Task description: The entries below need to be transcribed exactly, without their images.

____ Records for this exercise

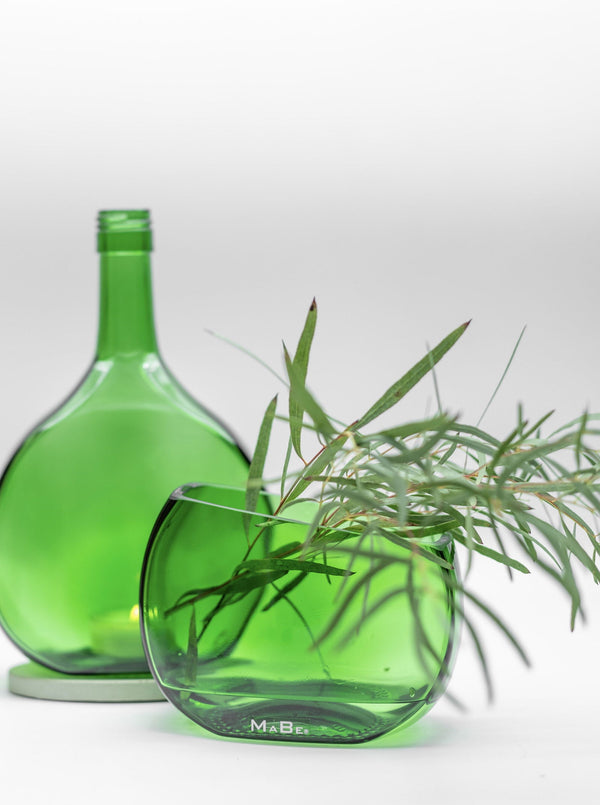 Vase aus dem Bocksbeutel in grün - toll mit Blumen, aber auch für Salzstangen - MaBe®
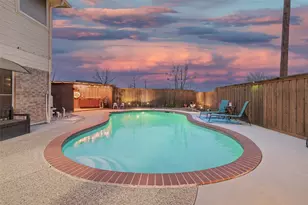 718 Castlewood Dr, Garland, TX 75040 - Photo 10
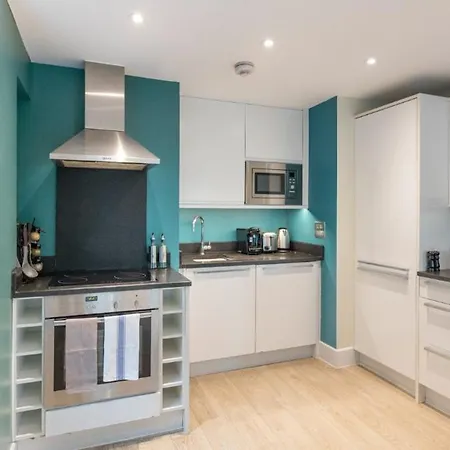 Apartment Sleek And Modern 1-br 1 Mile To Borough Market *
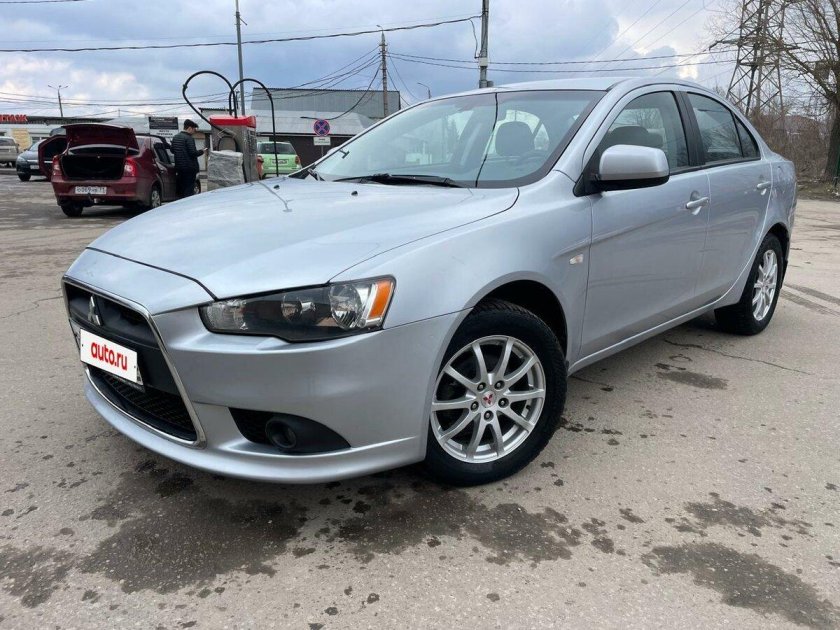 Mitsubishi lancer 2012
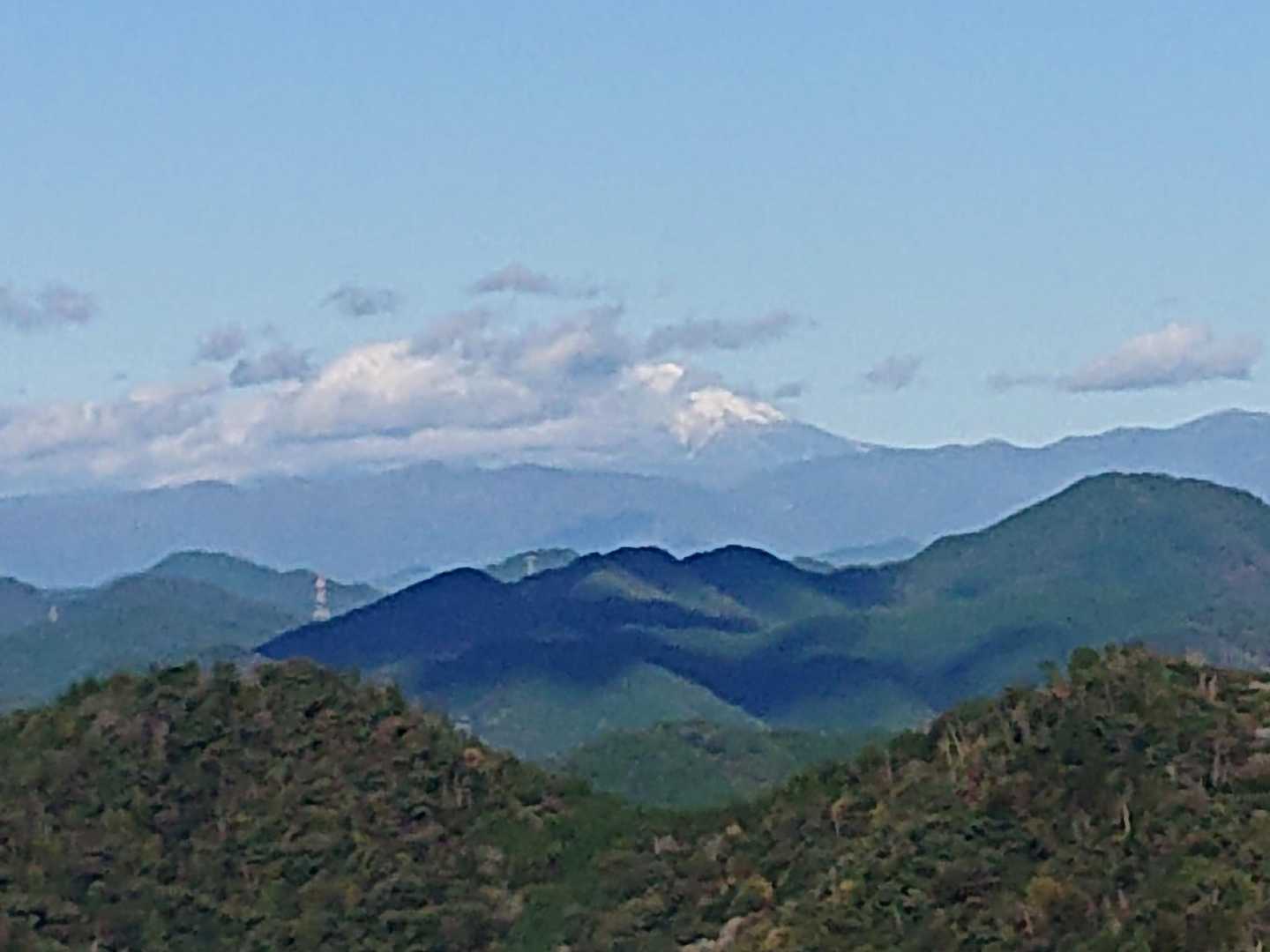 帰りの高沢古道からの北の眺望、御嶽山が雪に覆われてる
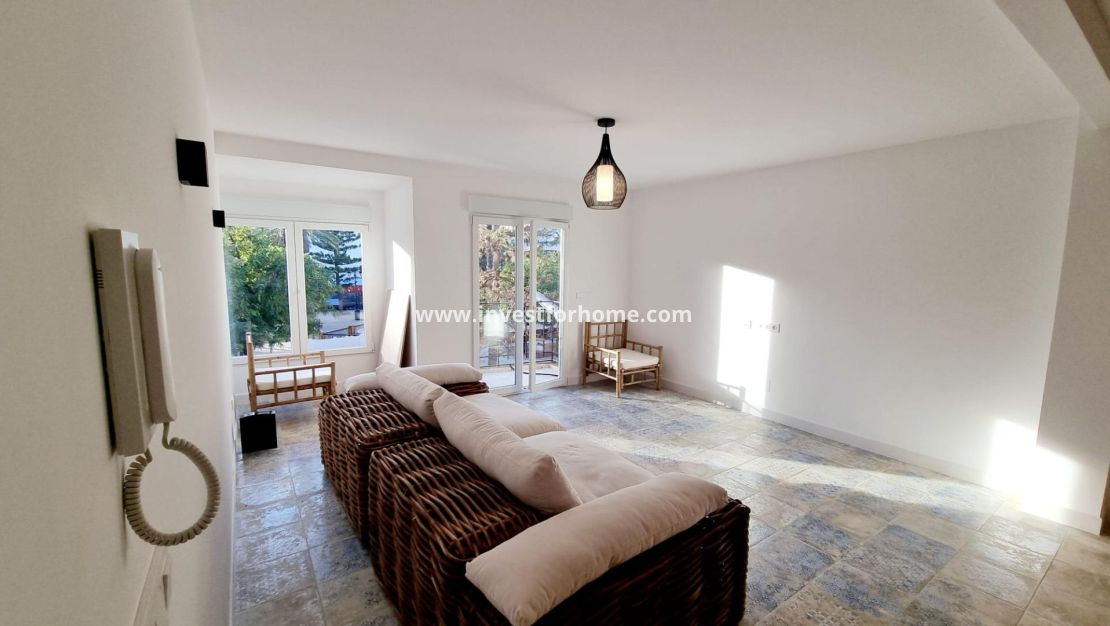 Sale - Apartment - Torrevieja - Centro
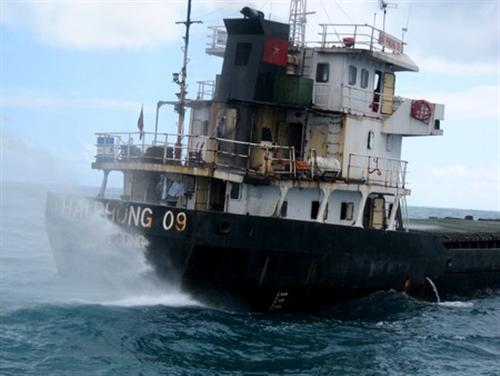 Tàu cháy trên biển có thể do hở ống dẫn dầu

________

Solution to this problem:
 Vase aus dem Bocksbeutel in grün - toll mit Blumen, aber auch für Salzstangen - MaBe®
 718 Castlewood Dr, Garland, TX 75040 - Photo 10
 Apartment Sleek And Modern 1-br 1 Mile To Borough Market *
 Mitsubishi lancer 2012
 帰りの高沢古道からの北の眺望、御嶽山が雪に覆われてる
 Sale - Apartment - Torrevieja - Centro
 Tàu cháy trên biển có thể do hở ống dẫn dầu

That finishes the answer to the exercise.